On 5/30/20 3:00 AM, Mike Parker wrote:
The following declarations now give a deprecation warning:
```d
struct ErrorInfo {
private:
char[32] _error;
char[96] _message;
public @nogc nothrow @property:
/**
Returns the string "Missing Symbol" to indicate a symbol load
failure, and
the name of a library to indicate a library load failure.
*/
const(char)* error() const { return _error.ptr; }
/**
Returns a symbol name for symbol load failures, and a
system-specific error
message for library load failures.
*/
const(char)* message() const { return _message.ptr; }
}
```
I find it rather annoying, as I'm returning `const(char)*` and not
`char*`, but it is what it is. My question is, if I add `return` to the
function declarations, will this compile all the way back to DMD 2.067
*without* `-preview=dip25`? It works on 2.091.0. I always assumed a
preview feature's syntax wasn't supported without the preview switch.

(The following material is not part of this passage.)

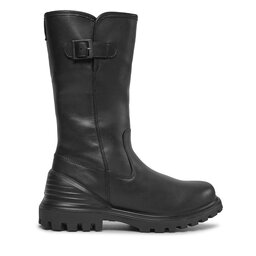 ECCO Kozačky ECCO Tredtray K 77008301001 Černá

I had to run the code to see the warning to understand what you meant.
Here is the warning:
onlineapp.d(11): Deprecation: returning &this._error escapes a reference
to parameter this, perhaps annotate with return
onlineapp.d(17): Deprecation: returning &this._message escapes a
reference to parameter this, perhaps annotate with return
This is not about const or not, it's about lifetime management.
For example, this would return a pointer to a stack frame that is about
to go away:
const(char)* foo()
{
ErrorInfo info;
return info.message;
}
I know that you have already fixed the problem, but I wanted to make
sure you understood why the compiler is complaining.